The second requirement is that businessmen may not engage in “deceptive” commercial speech. One could find a great deal of wiggle room in defining deceptive, but let’s give the State the benefit of the doubt. Let’s say that this means businessmen may not commit fraud. Once again, may anyone else?
Comes now, however, the third requirement. The government can regulate commercial speech if:
The government’s interest in restricting the speech is substantial, the regulation in question directly advances the government’s interest, and the regulation is no more extensive than necessary to serve the government’s interest [emphasis added].
Gee, is that all? In 1735, John Peter Zenger, owner and publisher of The New York Weekly Journal, was tried for libelous sedition. He was acquitted. Had the court, however, been required to follow the above standard, they would have thrown away the key. Excluding national security and law enforcement issues, which are covered much better elsewhere, requirement three of Hudson permits the government to practice unbridled and unabashed censorship.

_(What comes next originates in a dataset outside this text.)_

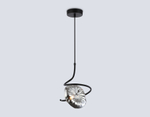 LH15001 BK/SM черный/дымчатый G9 max 40W D190*1400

But it’s only censorship of “commercial speech”, right?
When James Madison wrote the First Amendment, he didn’t distinguish between public and private speech. He didn’t say, for instance, that speech in one’s home was okey-dokey but that speech uttered in the town square was a no-no. He didn’t say owners of newspapers could say and write want they wanted, but owners of other businesses could not. Madison was unequivocal. He added “press” only to include written speech, with the primary reference, at the time, being to newspapers. But that “printing press” can clearly belong to anyone who can write — from The Sons of Liberty to Proctor & Gamble; from the Federalists to Omnicom; from The New York Weekly Journal to the Mom and Pop corner grocery.
Madison knew, and so ought we, the menacing implications of restricting any speech, commercial or otherwise. How long, for example, before the government determines, after censoring ad execs and corporate CEO’s, that regulating newspapers, TV news, films and book publishing — all of which are businesses, too — “directly advances the government’s interest”?

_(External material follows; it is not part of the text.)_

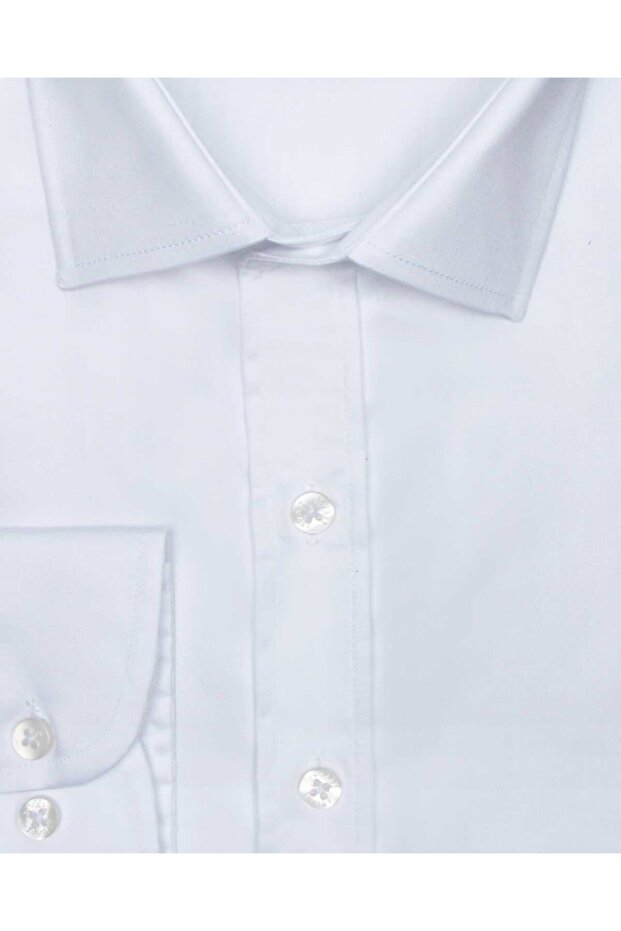Slim Fit Erkek Gömlek - 5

How long before other freedoms and rights are stifled in the name of advancing the interests, i.e., the power, of the government? For example, how long before our government follows Europe’s lead and allows “document police” the latitude to search any business without the necessity of a warrant? Do we stop there or do we, as they are contemplating, include businessmen’s homes?
Think being a businessman means not having free speech? Move over First Amendment. Think being a businessman means being open to searches without warrants? Make room, Fourth Amendment. Think not being a businessmen means you won’t be affected? What a vivid imagination. In political circles, this is called fostering dictatorship.